My bolding -- but I nearly fell out of my chair laughing when I read that "making"! With all due respect to every man reading this who would never contemplate adultery, I really don't think these men are in any way forced to have sex with a handmaid. The men involved are at the top of the pyramid of power, and like all people who have power they are taking whatever they can get whenever, however and from whomever they can get it.
As to the religion argument, do you really think any extreme religious society so disapproves of men in power having sex with different women that it will pursue technological means to avoid it? The men who are allowed handmaids are the ones who make the rules -- and allow themselves to break them -- so what's more likely, that they'll deposit sperm into a cup, or straight into a woman?! We're talking power dynamics here, not simply the propagation of the species. (If I'm remembering correctly the prostitutes they use are sterilised first so there are no pregnancy complications, so the whole must-have-children rationale of the handmaids is seen as the fig-leaf it truly is). Having the real -- supposedly infertile -- wife there in the impregnation ceremony simply pays lip service to the religious ban on adultery without actually preventing it.
There's also the issue that it's a tenet of faith in this society that no man is infertile, only women are -- which is of course the age-old lie of barren women being at fault. Extreme religions tend not to be sympathetic to reproductive technology in any event, because it's, well,
artificial and what man would know what sperm has actually been implanted into his property? But if it were available, it would surely raise rumours of the leaders' true lack of fertility, starting with the technicians who understand such issues as sperm motility and then getting out into the wider population.
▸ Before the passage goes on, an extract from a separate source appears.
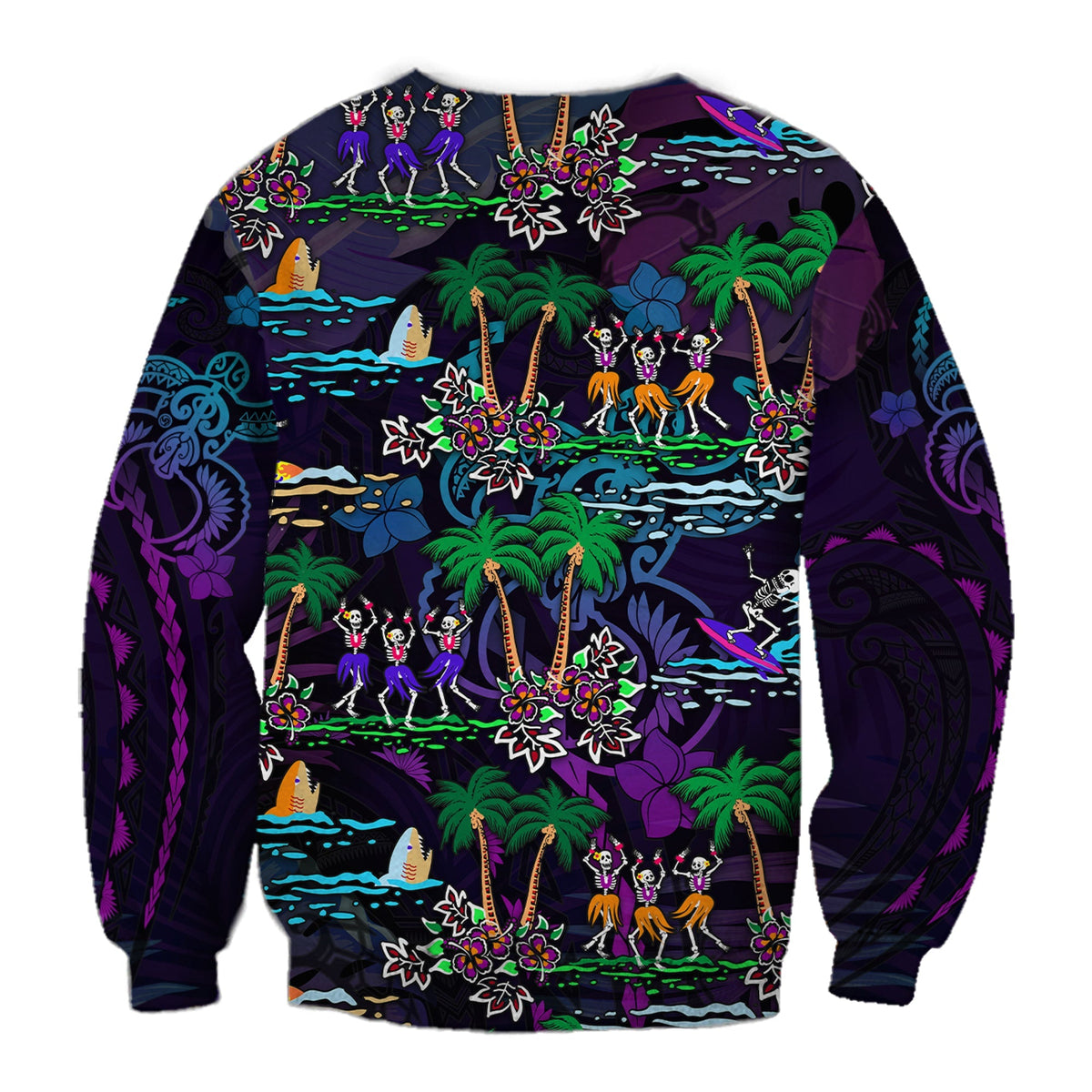 Unisex purple crewneck sweatshirt with tropical skeleton dancers and island scene print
I'm with CC on this. I never doubted for a moment that religious bigots could evolve such systems very, very quickly, but I'm perhaps more hopeful -- or more naive -- than he is, in that if it did happen to a previously civilised country there would be enough people around who remembered what life should be to bring it to an end relatively quickly. And, of course, the book only works because the main character has had a child beforehand and is still of an age to be fertile, so it's necessary for the timescale to be telescoped into a shorter period.